Despite of strong correlations exhibited between economic development and democracy, the modernization theory does not account for the many anomalies where countires progress to democracies without being economically developed, the classic example being India. The reverse situation can also be observed in countries such as Saudi Arabia and China, which demonstrate high levels of economic affluence yet reside under authoritarian rule. This has led to Potter et al stating that “the political consequences of economic growth are ambiguous” (Potter et al, 1997, pg 25).
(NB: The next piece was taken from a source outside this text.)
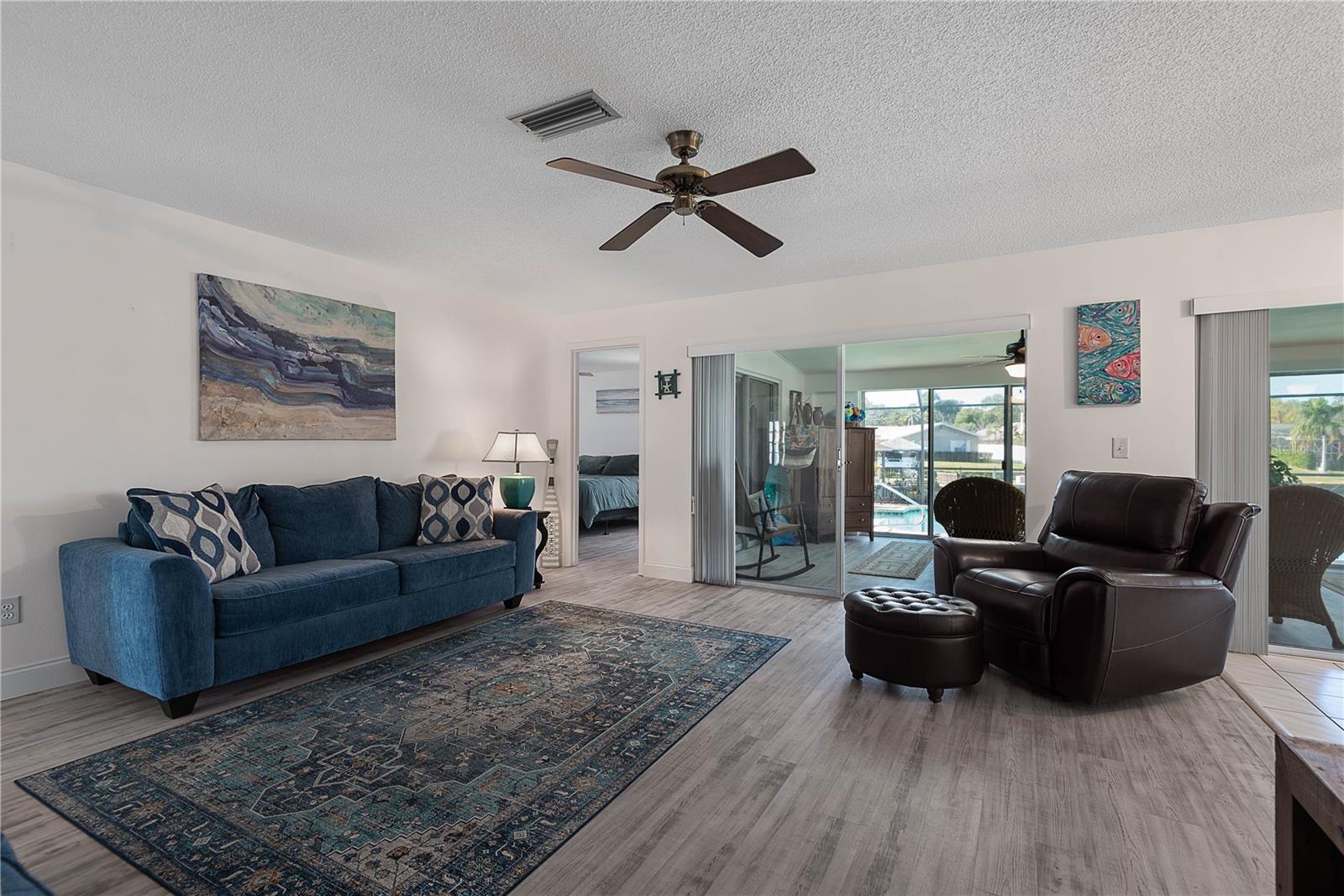 Image 23 of 80 For 31 Fleming Court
Thus to propose that economic development exclusively is a necessary and sufficient condition for democracy would be myopic, consequently individual cases demand a conjunctural explanation, rather than one which treats them as separate abstract cases (Parry et al, 1994, pg176).
Potter et al. consider China and India, the two giants of Asia, to demonstrate how “different political cultures, colonial legacies, party development and civil societies explain such contrasts more effectively” (Potter et al, 1997, pg203). In spite of India being less economically developed than China the existence of its pluralist political culture, its prolonged encounter with British colonial rule, its dense and autonomous civil society and party system, centred on the Congress party, are more attune to liberal democratic values than China’s (Potter et al, 1997, pg208).
Thus we can see that other theoretical approaches have much to offer in explaining the necessary and sufficient conditions for democracy. The Latin American experience challenged all presumptions about preconditions and it suggested that if there was a relationship between economic and political development it was not a straightforward one. Complex patterns of regime change were evident between 1970 and 1995 which saw dominant patterns of re-democratization, liberalisation and democratic deepening, all aspects of the Latin American experience of the “Third Wave” of democratisation. In the 1980’s economies in the region collapsed, which had the effect of significantly reducing production and ending imports. In this period of crisis and poverty, many countries including Bolivia, Peru and Ecuador ditched authoritarian regimes and turned to democracy. In Guillermo O’Donnell’s highlighted that socio-economic modernization failed to enhance the probability of democracy in Latin American context because popular-sector pressure became increasingly into conflict with socio-economic constraints on policy choice (O’Donnell, 1978, pg32).